Verizon Communications Inc (VZ)

Verizon VZ released its second-quarter earnings report on July 22. Here’s Morningstar’s take on Verizon’s earnings and stock.

Key Morningstar Metrics for Verizon Communications

  • Fair Value Estimate: $54.00
  • Morningstar Rating: 4 stars
  • Morningstar Economic Moat Rating: Narrow
  • Morningstar Uncertainty Rating: Medium

What We Thought of Verizon Communications’ Q2 Earnings

  • Second-quarter results were in line with our expectations overall, and we don’t believe the decline in the shares following the earnings release was warranted. Verizon continues to struggle to grow its consumer wireless customer base, a trend we expect will remain in place for the foreseeable future as market shares between the big three carriers gradually converge. Verizon’s “add a second phone number” service has created confusion around the numbers it reports, but we don’t believe this is cause for concern.
  • Cash flow was a bit soft during the quarter, and management indicated that cash taxes will be higher than expected in 2024 than they anticipated coming into the year. We don’t think this reflects any issues with the firm’s long-term cash-generating potential.
  • The slowing pace of phone upgrades has benefited Verizon’s margins and cash flow in recent quarters. There is talk that the new iPhone will drive an upgrade cycle, thanks to its new AI tools. If consumer demand is high and the upgrade rate accelerates, that would pressure cash flow in the near term, as receivables balances would expand. However, we expect device promotions to remain rational, in line with our expectation for wireless competition overall.
  • Verizon’s shares still look attractive, trading at a 25% discount to our fair value estimate and a 6.6% dividend yield, which we believe is sustainable.

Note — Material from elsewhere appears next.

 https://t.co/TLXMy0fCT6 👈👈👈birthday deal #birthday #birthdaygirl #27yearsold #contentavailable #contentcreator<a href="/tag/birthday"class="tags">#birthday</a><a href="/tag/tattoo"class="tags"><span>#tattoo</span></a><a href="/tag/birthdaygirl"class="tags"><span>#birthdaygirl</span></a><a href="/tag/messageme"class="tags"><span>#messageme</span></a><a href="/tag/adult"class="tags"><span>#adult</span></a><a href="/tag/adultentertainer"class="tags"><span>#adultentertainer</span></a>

Verizon Communications Stock Price

Fair Value Estimate for Verizon

With its 4-star rating, we believe Verizon’s stock is undervalued compared with our long-term fair value estimate of $54 per share, which is roughly 7.9 times our 2024 EBITDA forecast. Our valuation also implies an 8.2% free cash flow yield based on Verizon’s performance in 2023. Higher cash taxes and interest costs will likely offset business growth and lower capital spending in 2024, leaving free cash flow roughly flat for the year.

We expect Verizon will gradually lose postpaid wireless market share as it prioritizes pricing stability rather than growth. Smaller rivals T-Mobile and AT&T have similar network resources and should be able to attract roughly the same number of customers each quarter as Verizon. This parity should naturally cause the firms’ market shares to converge slowly. With a rational competitive environment allowing for stable service pricing and increasingly modest phone credits, we expect revenue per postpaid customer will grow steadily in the coming years.

Read more about Verizon’s fair value estimate.

Price vs. Fair Value History Chart

Verizon Communications Stock vs. Morningstar Fair Value Estimate

Economic Moat Rating

Verizon’s narrow moat stems from cost advantages in its wireless business and the industry’s efficient scale characteristics. The firm has organized its business along customer lines, but we believe it is best understood along wireless and fixed-line dimensions. The wireless business produces about 70% of service revenue but contributes nearly all of Verizon’s profits. We estimate wireless returns on invested capital were about 16% before 2021. With heavy investment to acquire additional spectrum in the C-band auction and subsequent spending to put that spectrum to use, we estimate wireless returns on capital have declined to the low-double digits, still leaving Verizon ahead of its cost of capital.

Verizon, AT&T T, and T-Mobile TMUS dominate the US wireless market, claiming over 90% of retail postpaid phone customers. Solid nationwide coverage requires heavy fixed investments in wireless spectrum and network infrastructure. While a larger customer base does require incremental investment in network capacity, a significant portion of costs are either fixed or more efficiently absorbed as network utilization reaches optimal levels in more locations.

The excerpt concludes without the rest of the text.